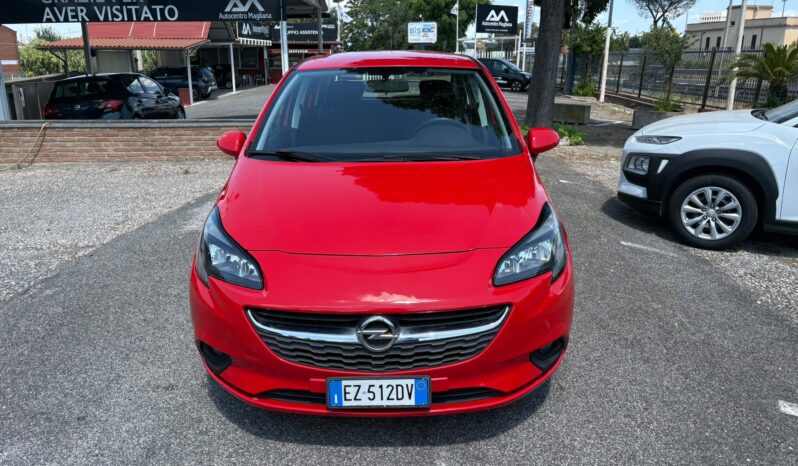 Opel Corsa 1.3 Cdti  Enjoy pieno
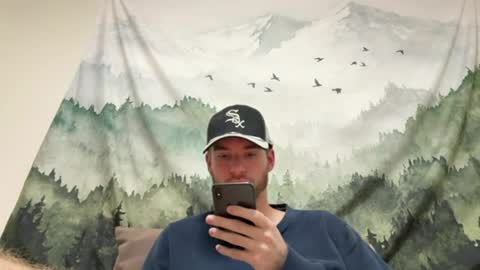 Jeff online show from August 14, 1:31 am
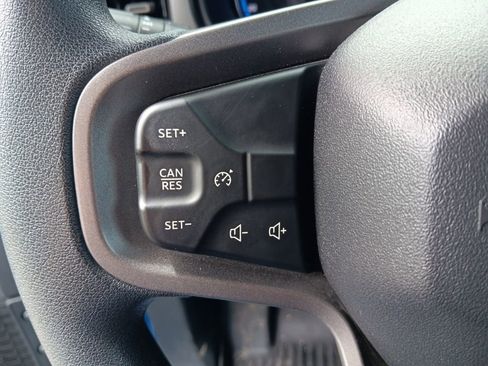 Used 2023 Ford Bronco 4-Door w/ Sasquatch Package AWD/4WD image 13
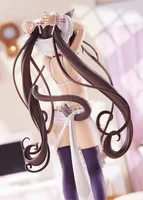 PLUM PMOA Chocola～Dress up time～ - NEKOPARA - photo 3
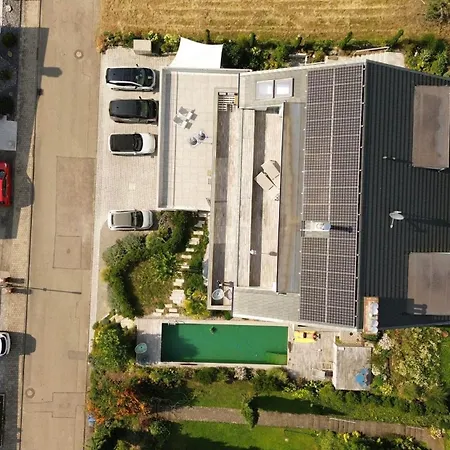 Seezeichen-apartment No 26 Lägenhet Bodman-Ludwigshafen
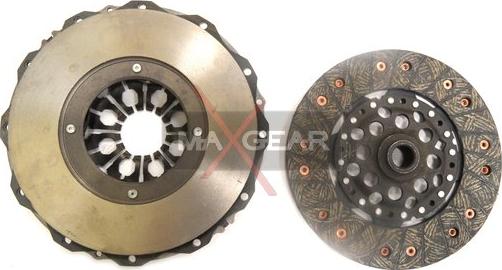 Maxgear 61-5106 - Clutch Kit autospares.lv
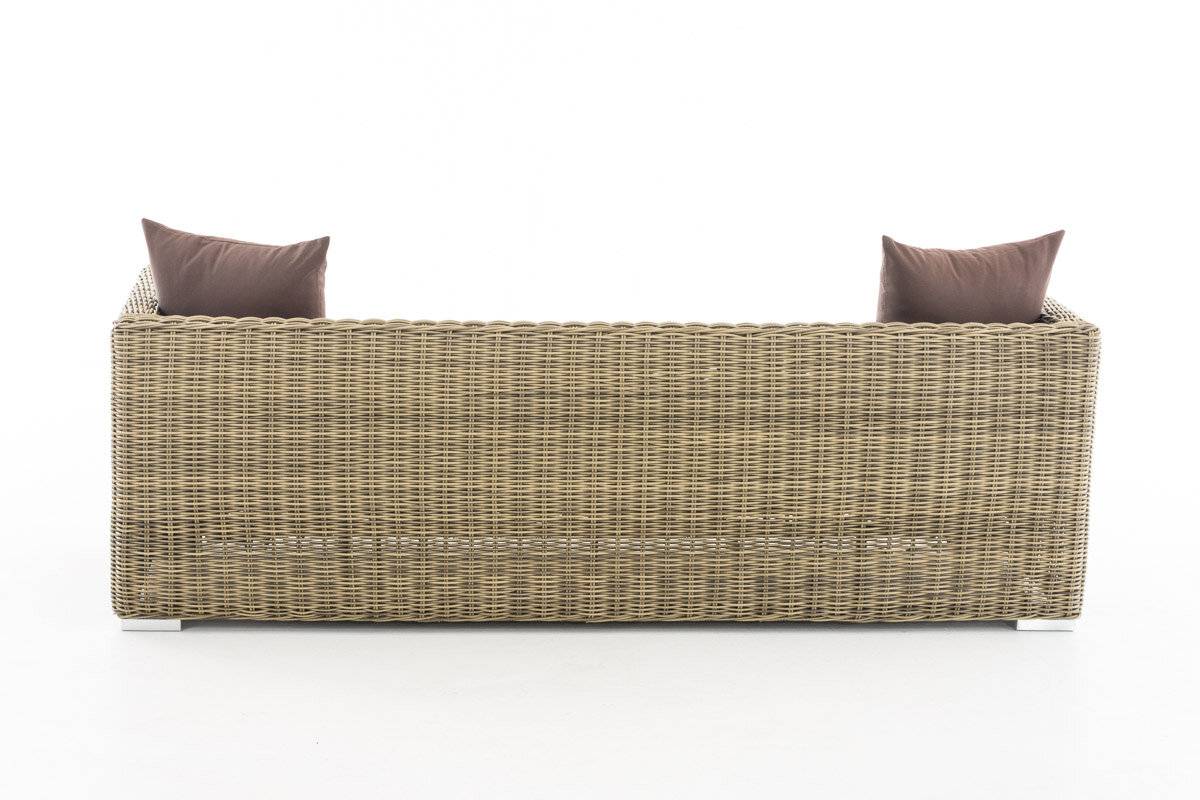 Lounge-Sofa Solano 5mm Terrabraun natura-3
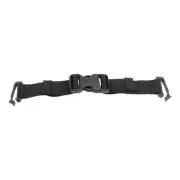 Scuba Diving Backpack Sternum Strap Chest Strap for Outdoor Activities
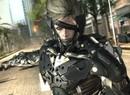 Demo showdown: Metal Gear Rising: Revengeance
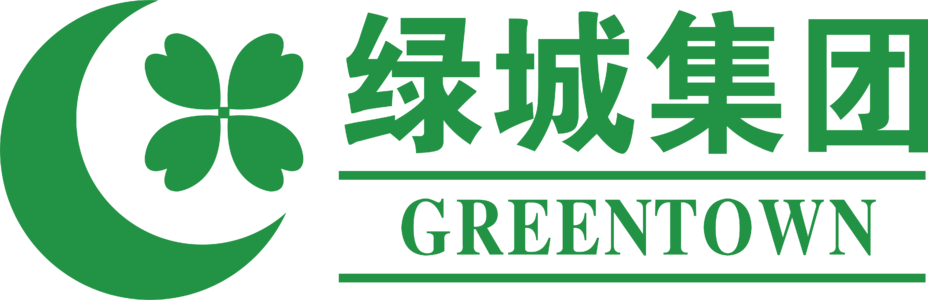綠城房地產集團有限公司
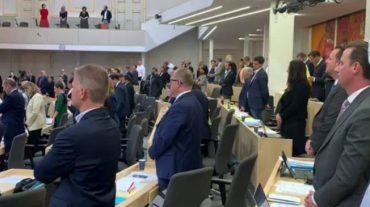 Ավստրիայի Հանրապետության խորհրդարանը վավերացրեց ՀՀ-ԵՄ համապարփակ և ընդլայնված գործընկերության համաձայնագիրը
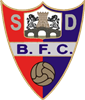 Wappen SD Balmaseda FC diverse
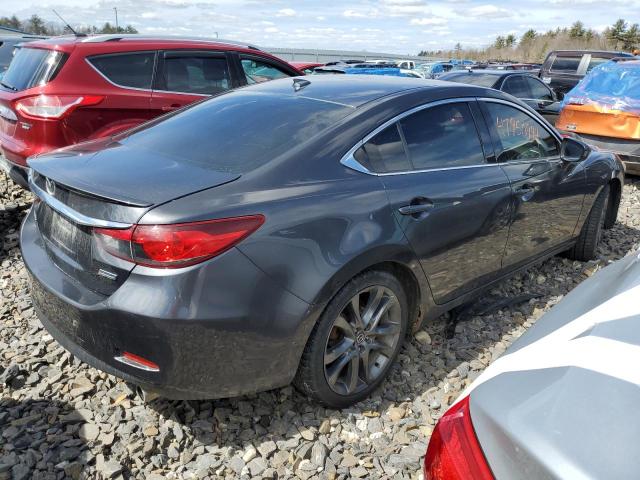 JM1GJ1W5XF1184340 Mazda 6 Grand Touring
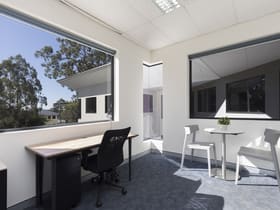 Serviced Offices commercial property for lease at Garden City Office Park, Build/2404 Logan Road Eight Mile Plains QLD 4113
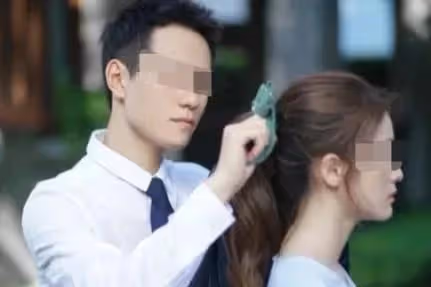 初戀女友獨自生下孩子，卻不讓我相認，這種折磨簡直就是一種報復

What is expected:
Copy the lines above exactly, starting at the one with "Maxgear 61-5106 - Clutch Kit autospares.lv" and ending at the one with "Ավստրիայի Հանրապետության խորհրդարանը", both included. Leave out any pictures and add nothing else.

The completed task:
 Maxgear 61-5106 - Clutch Kit autospares.lv
 Lounge-Sofa Solano 5mm Terrabraun natura-3
 Scuba Diving Backpack Sternum Strap Chest Strap for Outdoor Activities
 Demo showdown: Metal Gear Rising: Revengeance
綠城房地產集團有限公司
 Ավստրիայի Հանրապետության խորհրդարանը վավերացրեց ՀՀ-ԵՄ համապարփակ և ընդլայնված գործընկերության համաձայնագիրը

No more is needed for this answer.